Items from a dataset:
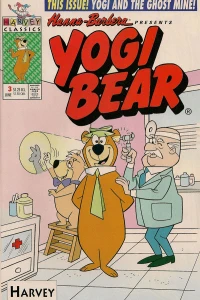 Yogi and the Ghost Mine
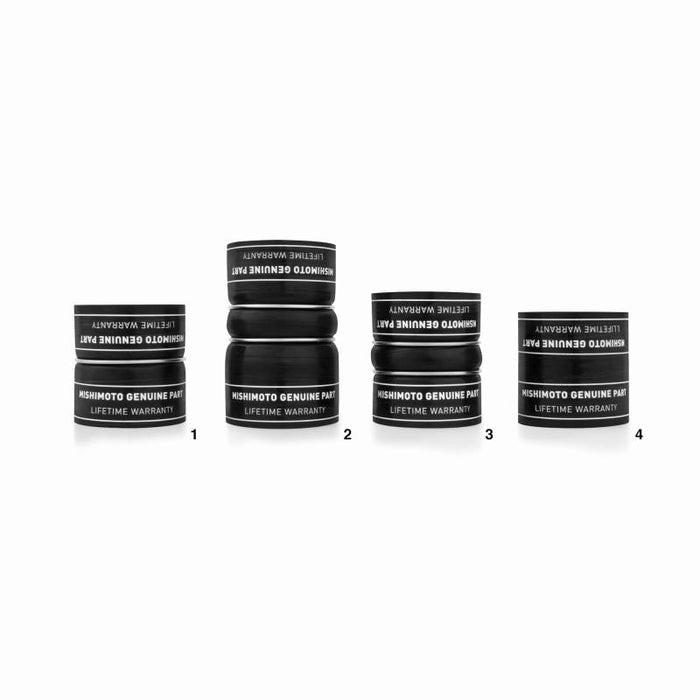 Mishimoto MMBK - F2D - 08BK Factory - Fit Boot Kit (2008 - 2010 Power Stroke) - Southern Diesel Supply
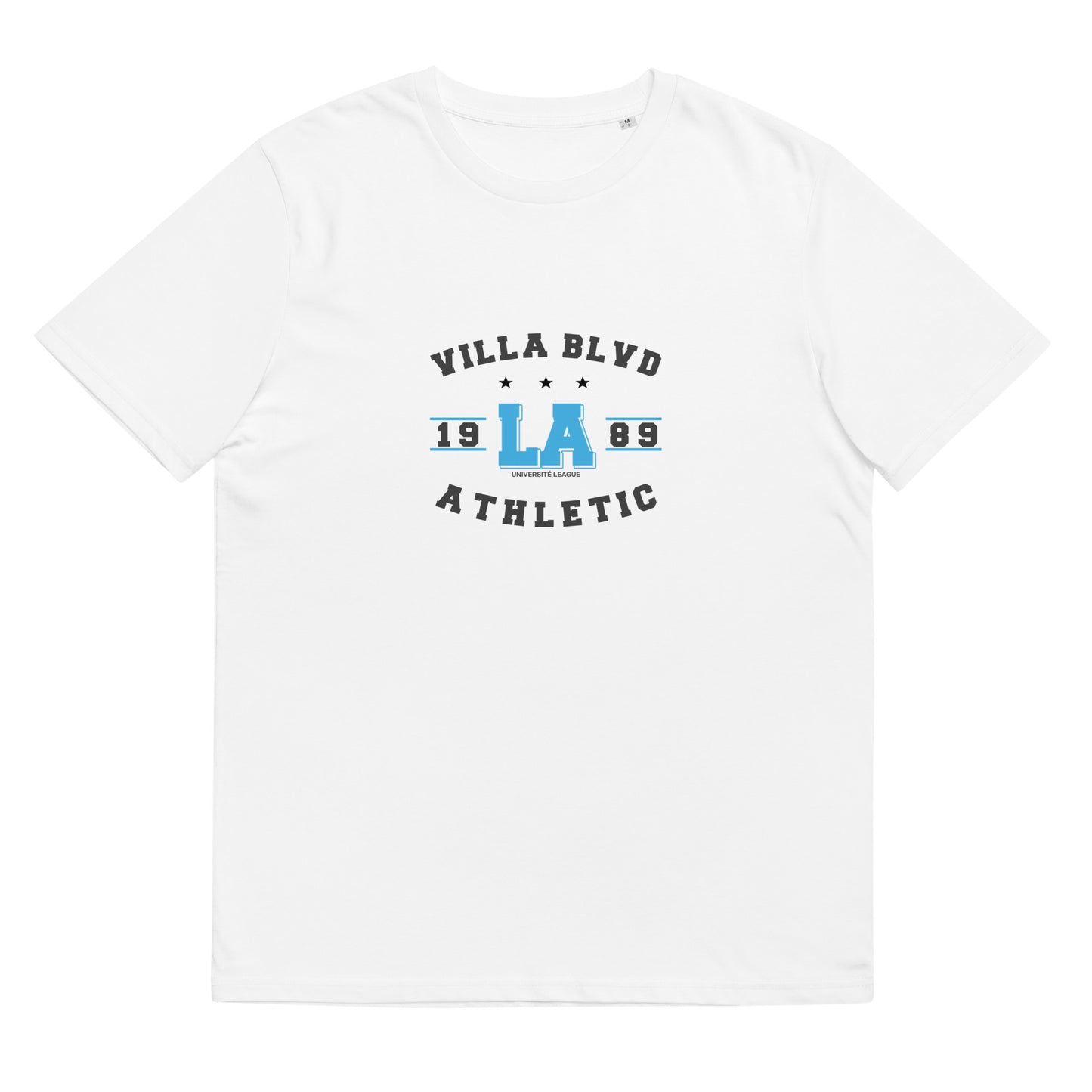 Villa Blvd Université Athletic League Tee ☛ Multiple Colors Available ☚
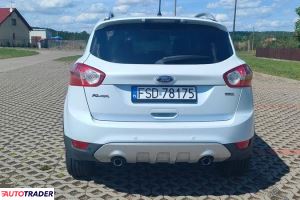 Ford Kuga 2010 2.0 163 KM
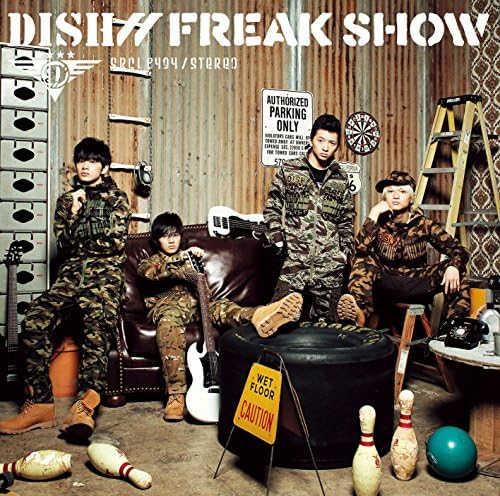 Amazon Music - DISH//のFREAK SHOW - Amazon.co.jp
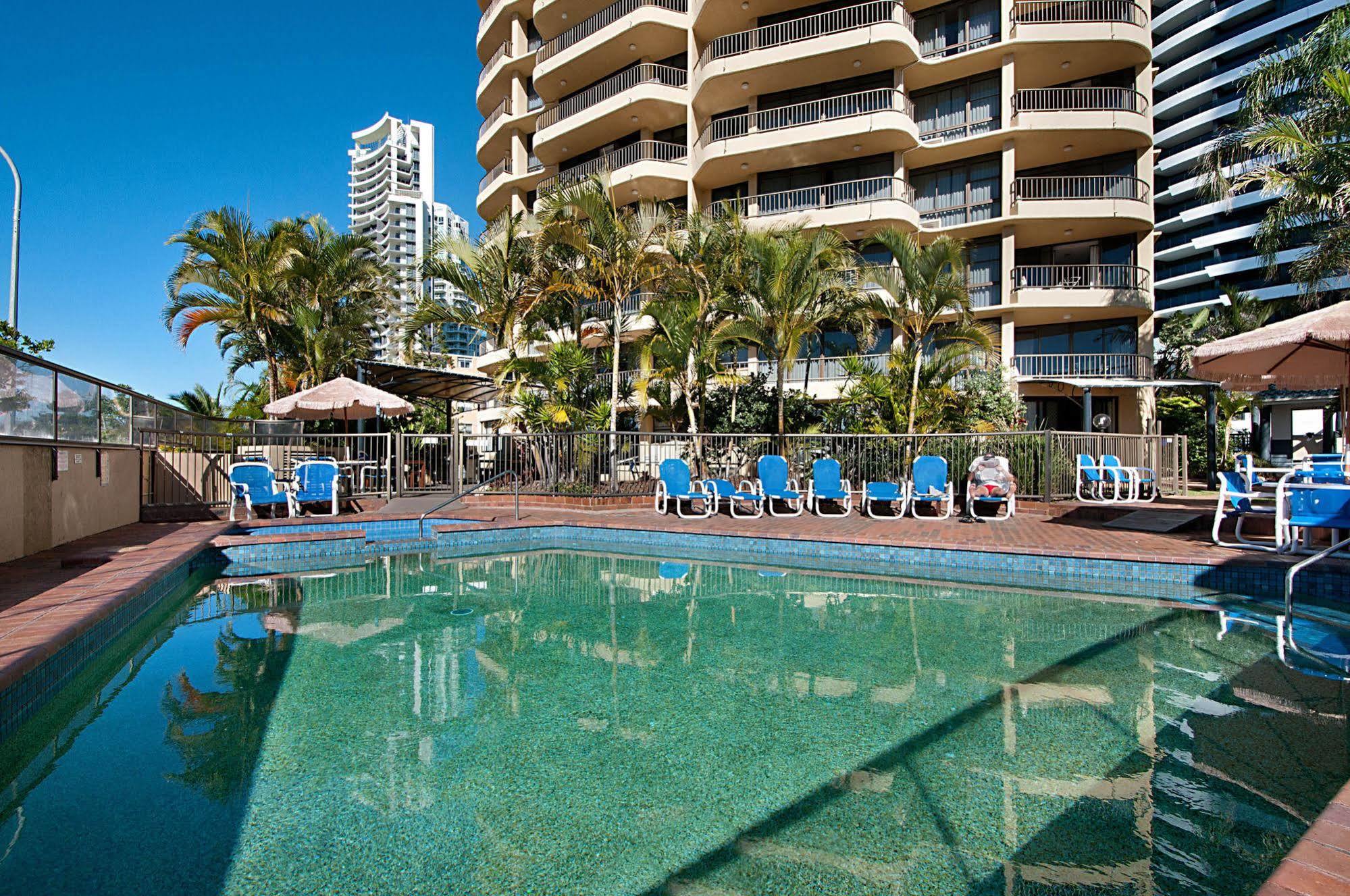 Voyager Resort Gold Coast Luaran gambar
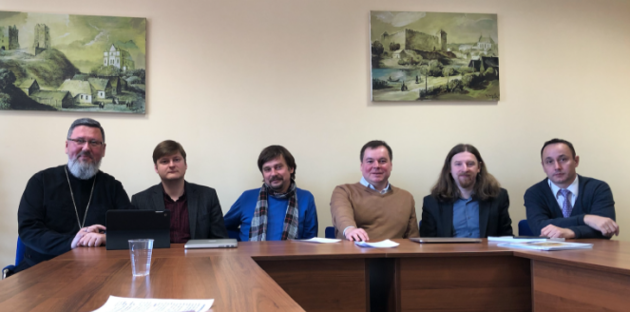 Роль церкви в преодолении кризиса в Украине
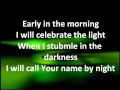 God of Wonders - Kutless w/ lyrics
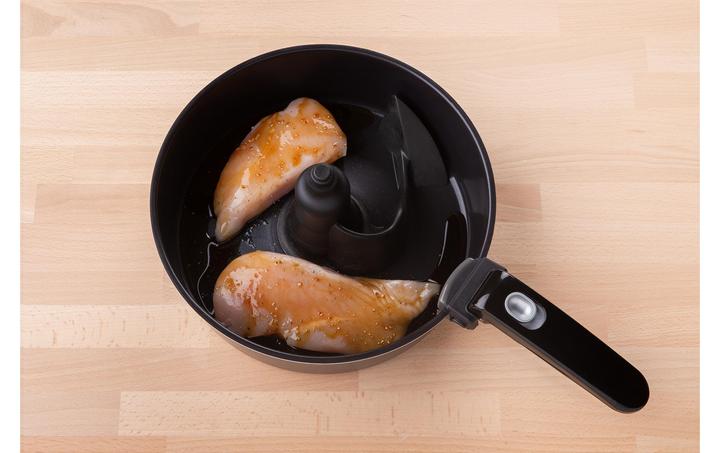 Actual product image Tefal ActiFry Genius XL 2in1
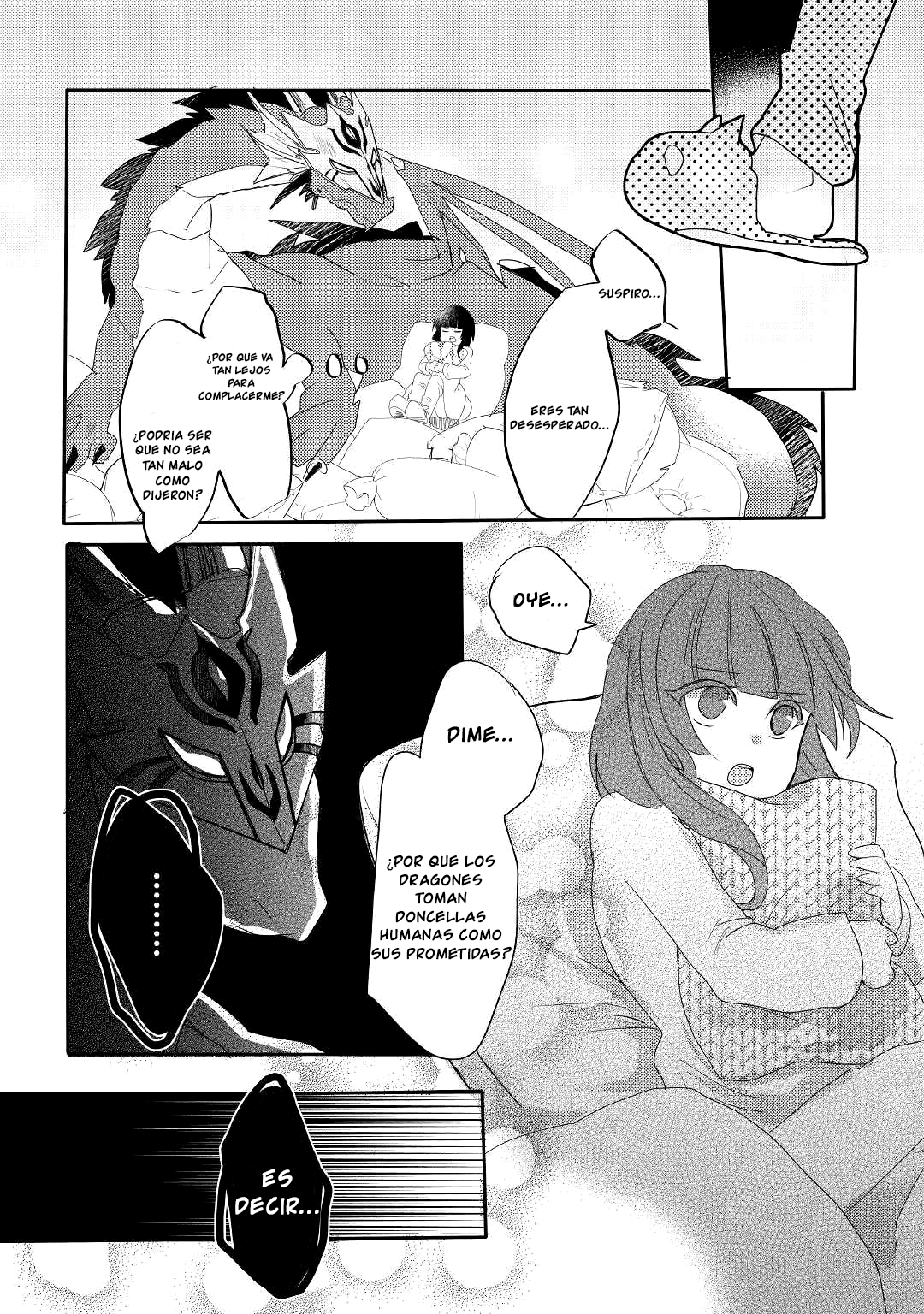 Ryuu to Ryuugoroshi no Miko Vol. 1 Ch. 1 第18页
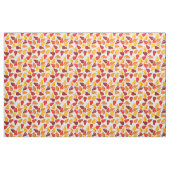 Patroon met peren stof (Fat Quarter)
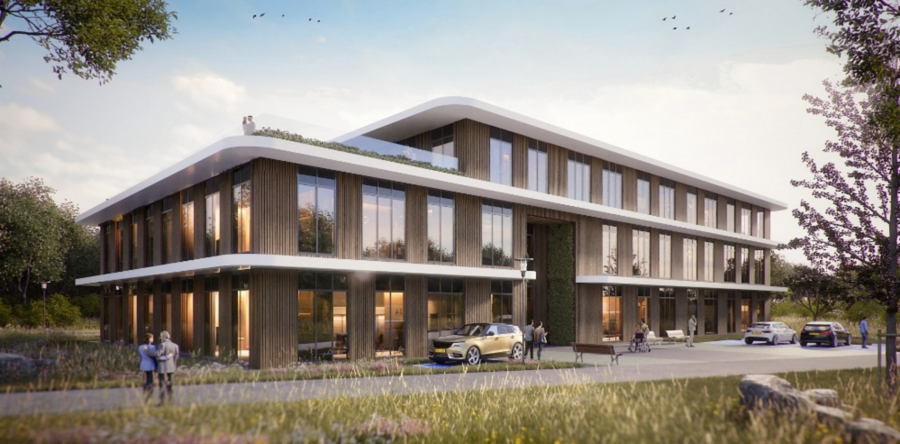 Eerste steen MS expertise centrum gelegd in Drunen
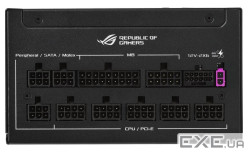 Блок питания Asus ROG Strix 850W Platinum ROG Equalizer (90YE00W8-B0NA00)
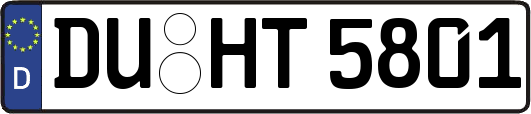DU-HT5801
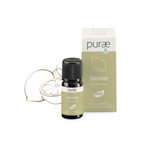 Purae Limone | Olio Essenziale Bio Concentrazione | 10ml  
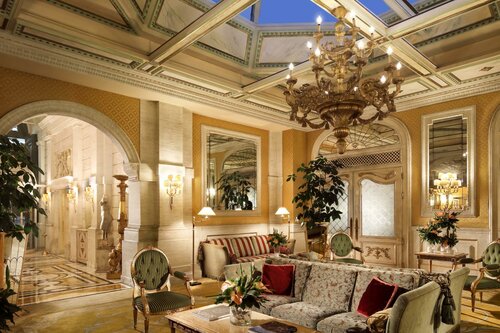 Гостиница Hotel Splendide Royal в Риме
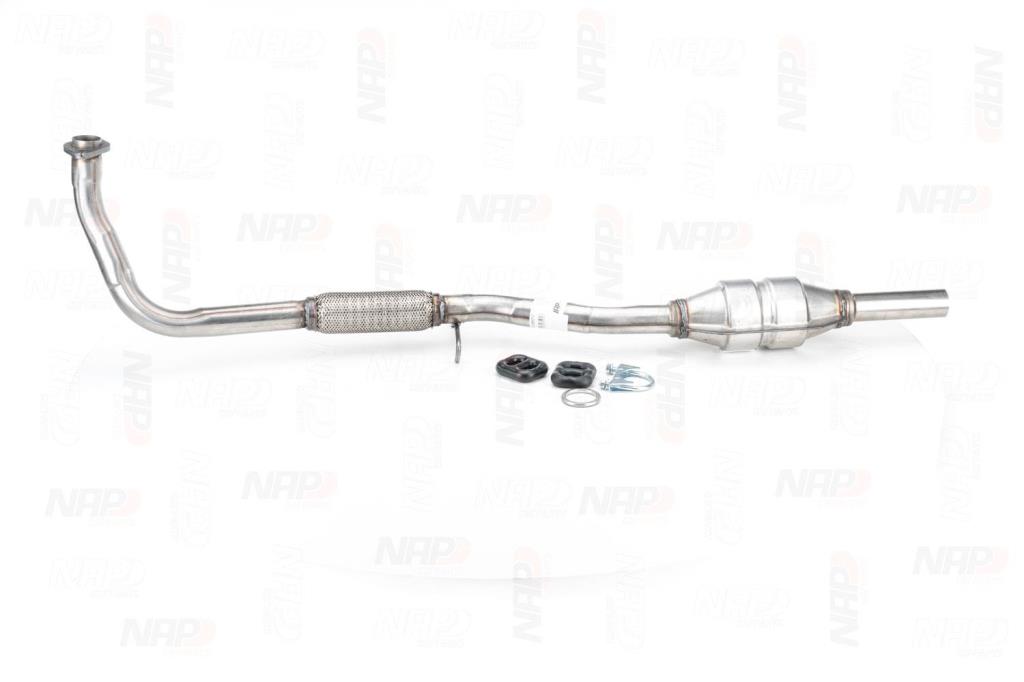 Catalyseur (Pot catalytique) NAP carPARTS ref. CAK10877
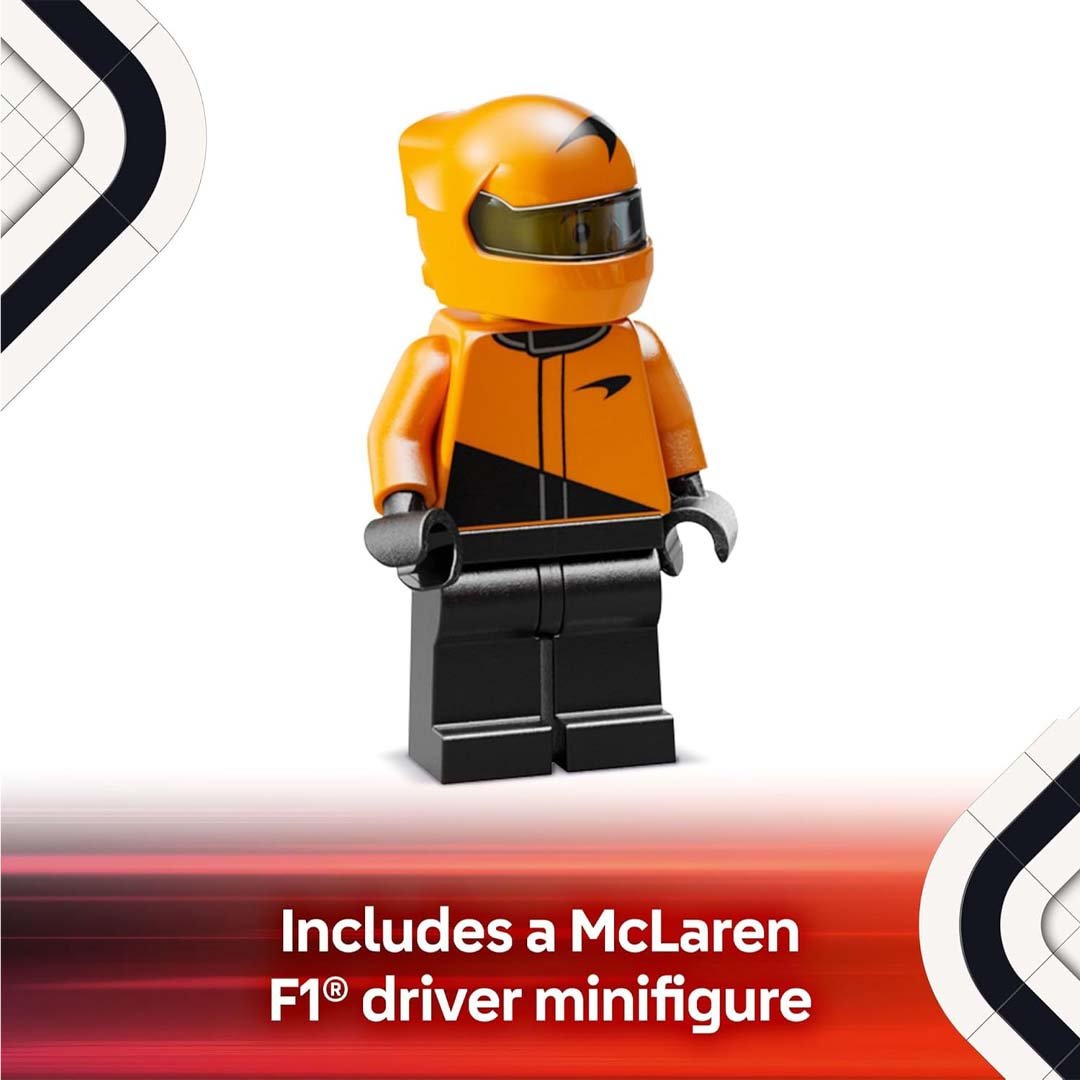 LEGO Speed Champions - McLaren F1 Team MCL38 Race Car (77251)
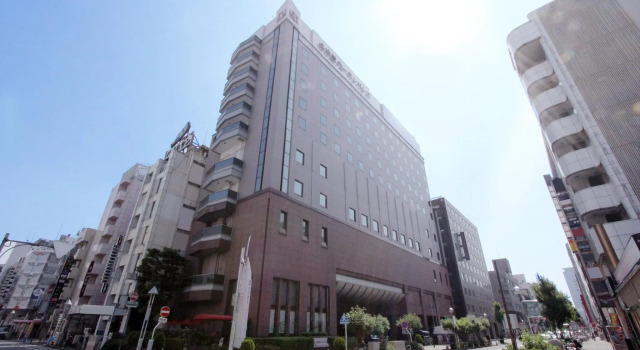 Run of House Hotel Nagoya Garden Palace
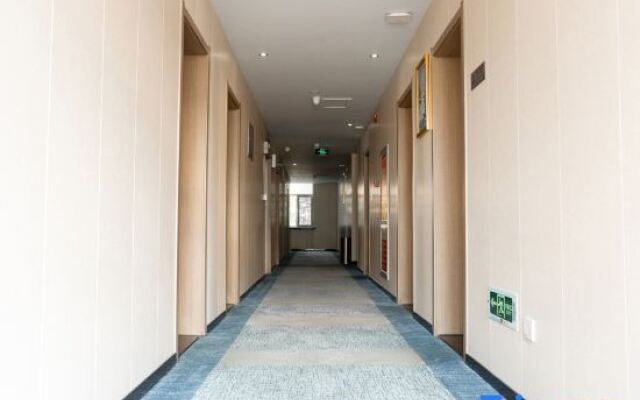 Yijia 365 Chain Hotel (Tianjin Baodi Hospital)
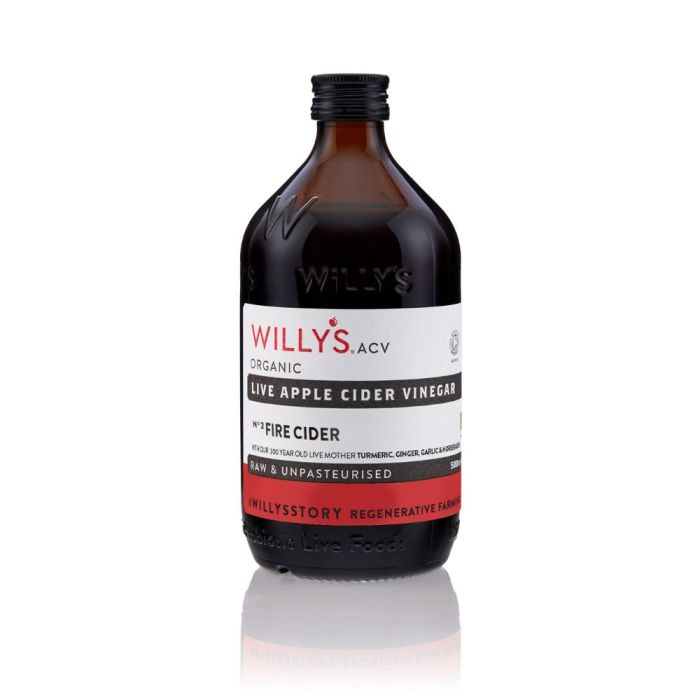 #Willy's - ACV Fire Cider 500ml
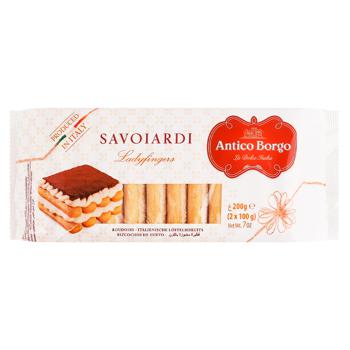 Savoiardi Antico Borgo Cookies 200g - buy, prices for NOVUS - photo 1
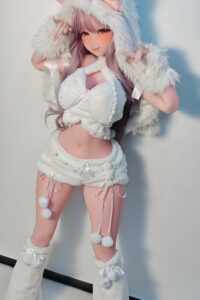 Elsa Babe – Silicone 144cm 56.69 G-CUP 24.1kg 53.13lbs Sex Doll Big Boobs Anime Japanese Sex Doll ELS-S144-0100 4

What the task requires >>
All of the data must be given again exactly, without the pictures.

Exercise output >>
 Yogi and the Ghost Mine
 Mishimoto MMBK - F2D - 08BK Factory - Fit Boot Kit (2008 - 2010 Power Stroke) - Southern Diesel Supply
 Villa Blvd Université Athletic League Tee ☛ Multiple Colors Available ☚
 Ford Kuga 2010 2.0 163 KM
 Amazon Music - DISH//のFREAK SHOW - Amazon.co.jp
 Voyager Resort Gold Coast Luaran gambar
 Роль церкви в преодолении кризиса в Украине
 God of Wonders - Kutless w/ lyrics
 Actual product image Tefal ActiFry Genius XL 2in1
 Ryuu to Ryuugoroshi no Miko Vol. 1 Ch. 1 第18页
 Patroon met peren stof (Fat Quarter)
 Eerste steen MS expertise centrum gelegd in Drunen
 Блок питания Asus ROG Strix 850W Platinum ROG Equalizer (90YE00W8-B0NA00)
DU-HT5801
 Purae Limone | Olio Essenziale Bio Concentrazione | 10ml  
 Гостиница Hotel Splendide Royal в Риме
 Catalyseur (Pot catalytique) NAP carPARTS ref. CAK10877
 LEGO Speed Champions - McLaren F1 Team MCL38 Race Car (77251)
 Run of House Hotel Nagoya Garden Palace
 Yijia 365 Chain Hotel (Tianjin Baodi Hospital)
 #Willy's - ACV Fire Cider 500ml
 Savoiardi Antico Borgo Cookies 200g - buy, prices for NOVUS - photo 1
 Elsa Babe – Silicone 144cm 56.69 G-CUP 24.1kg 53.13lbs Sex Doll Big Boobs Anime Japanese Sex Doll ELS-S144-0100 4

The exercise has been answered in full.